## Supplied records
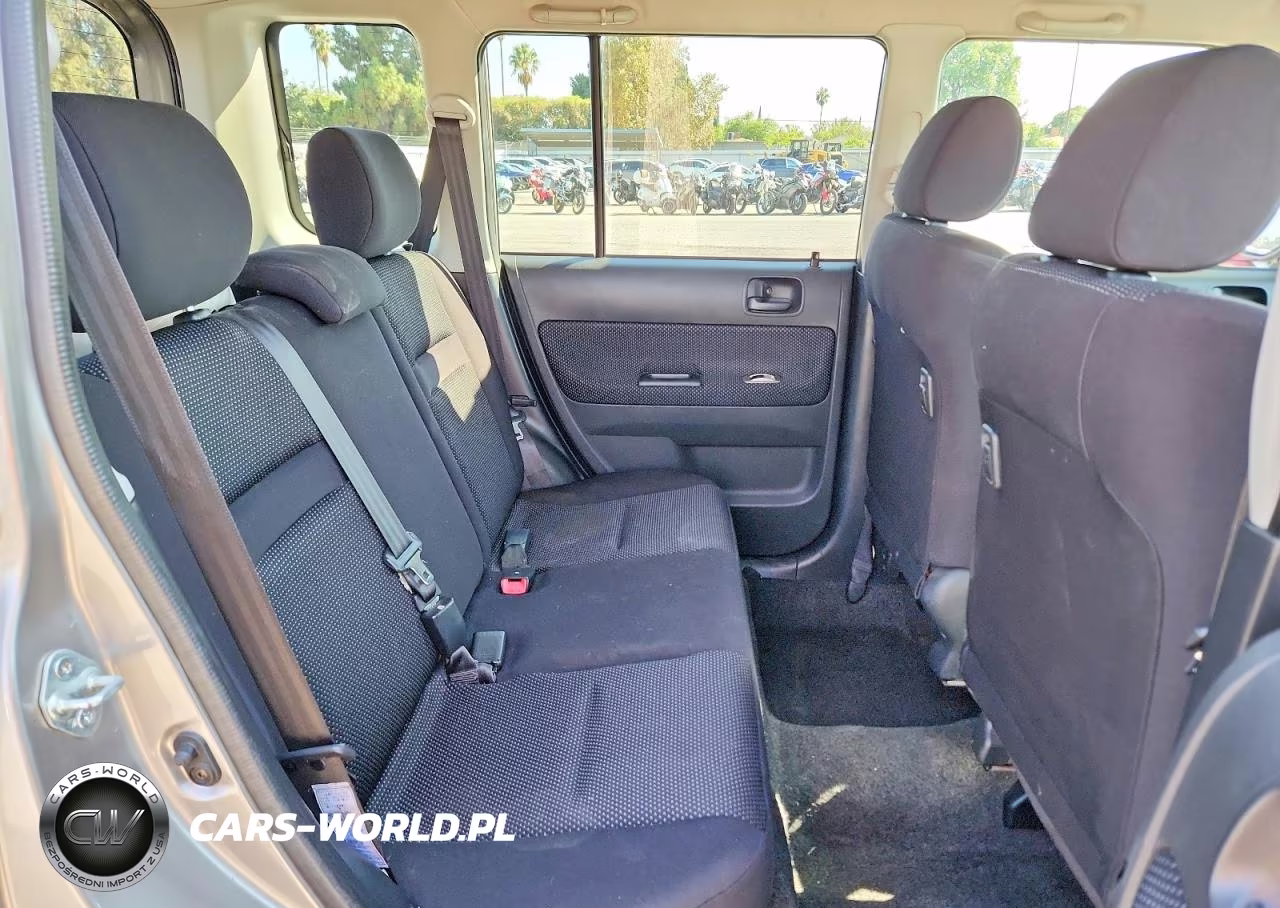 2005 Scion Xb Base VIN:JTLKT324X50170234 - 10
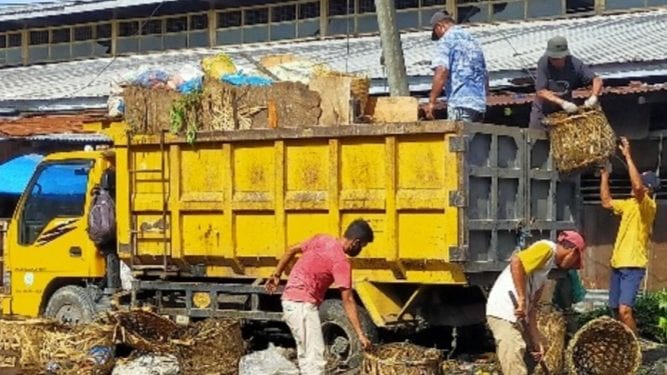 Petugas kebersihan DLH Labuhanbatu saat mengangkut sampah yang menumpuk.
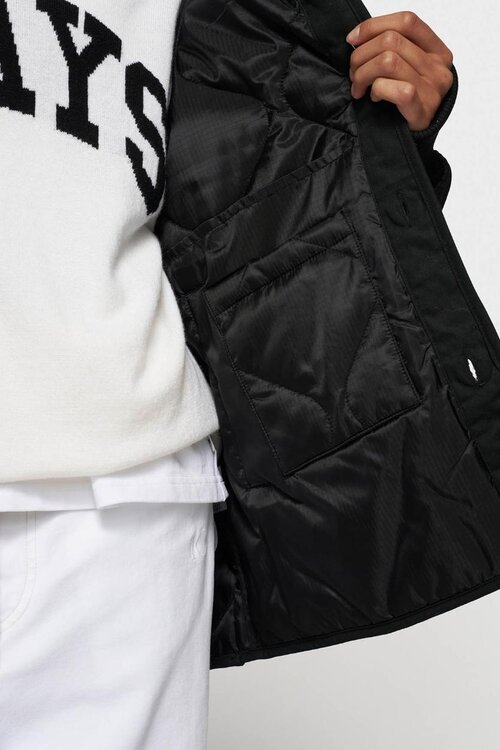 10Days Zwarte gewatteerde jas met lichte voering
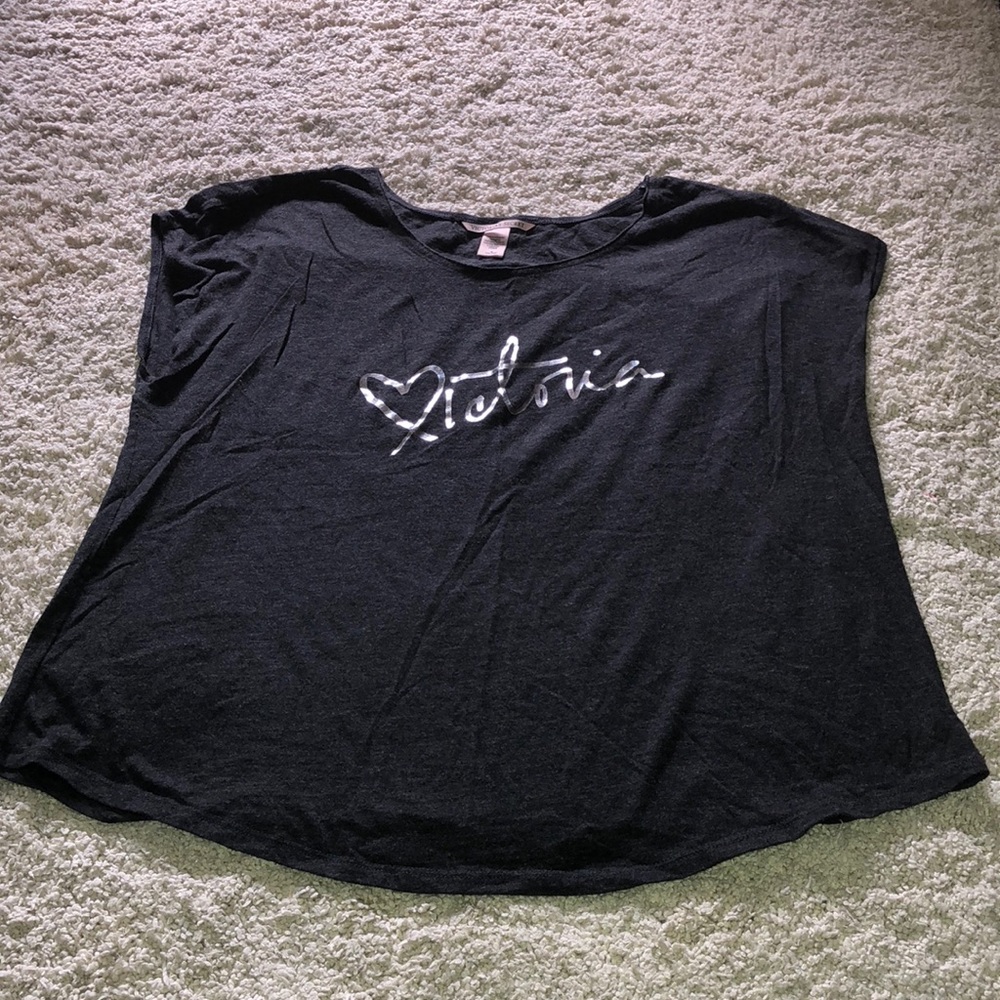 🥳Victoria tee gray and silver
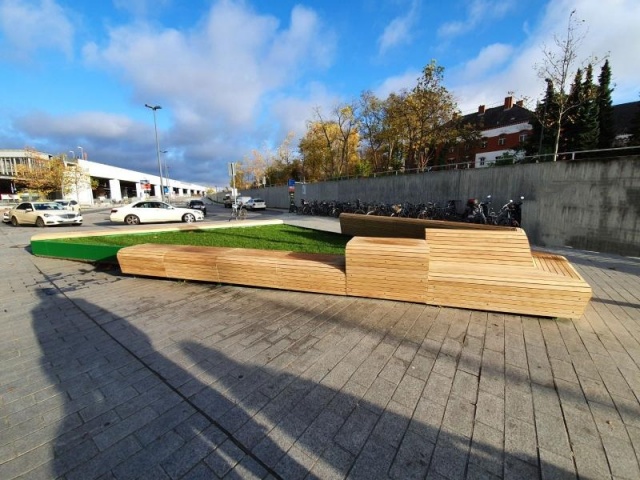 euroform w - nachhaltiges Stadtmobiliar - Parkbank Holz - modulare Sitzbank auf Vorplatz vom Bahnhof Berlin Südkreuz - Sitzinsel in städtischer Umgebung - nachhaltige Sitzmöbel für den Freiraum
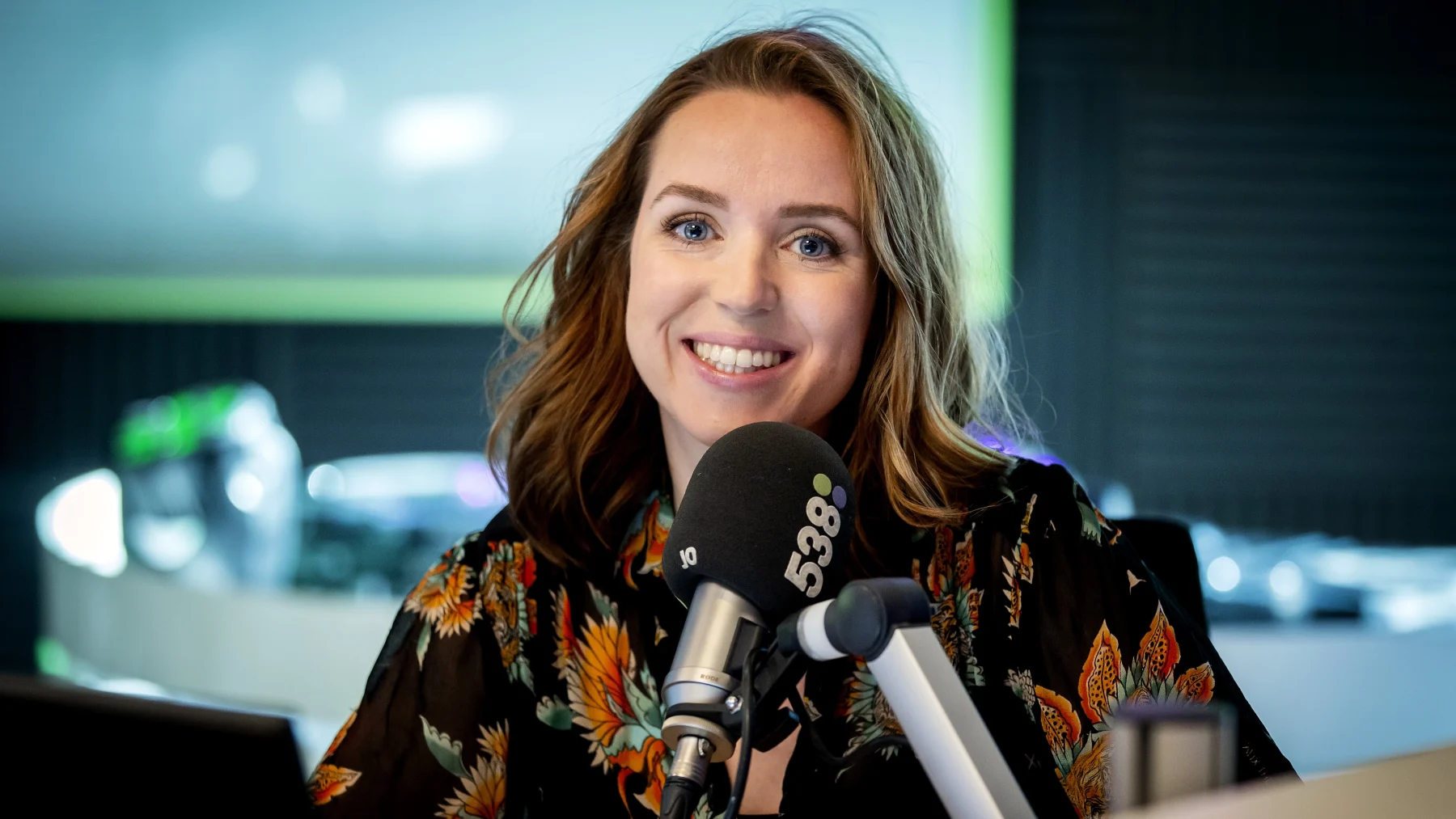 jo-van-egmond-zwanger-baby-nummer-twee-lekker-loeren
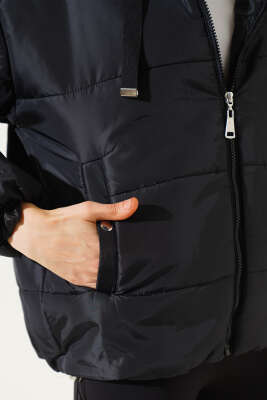 Kapüşonlu Fermuarlı Kısa Şişme Mont Siyah - Thumbnail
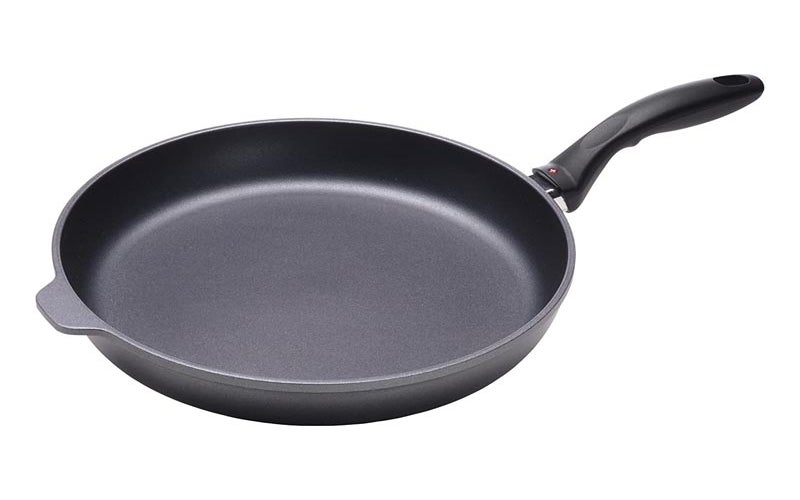 The Best Nonstick Cookware Option Swiss Diamond 10-Piece Set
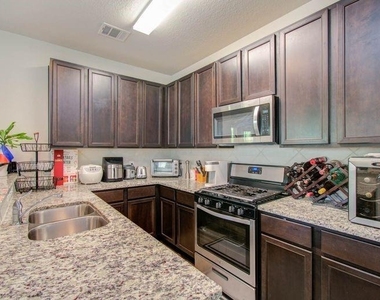 25416 Grotto Falls Lane - Photo Thumbnail 5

## Exercise aim
Only lines from the one holding "Kapüşonlu Fermuarlı Kısa" through the last line of the entries above are wanted, both ends included, each retyped exactly; no pictures.

## Response area
 Kapüşonlu Fermuarlı Kısa Şişme Mont Siyah - Thumbnail
 The Best Nonstick Cookware Option Swiss Diamond 10-Piece Set
 25416 Grotto Falls Lane - Photo Thumbnail 5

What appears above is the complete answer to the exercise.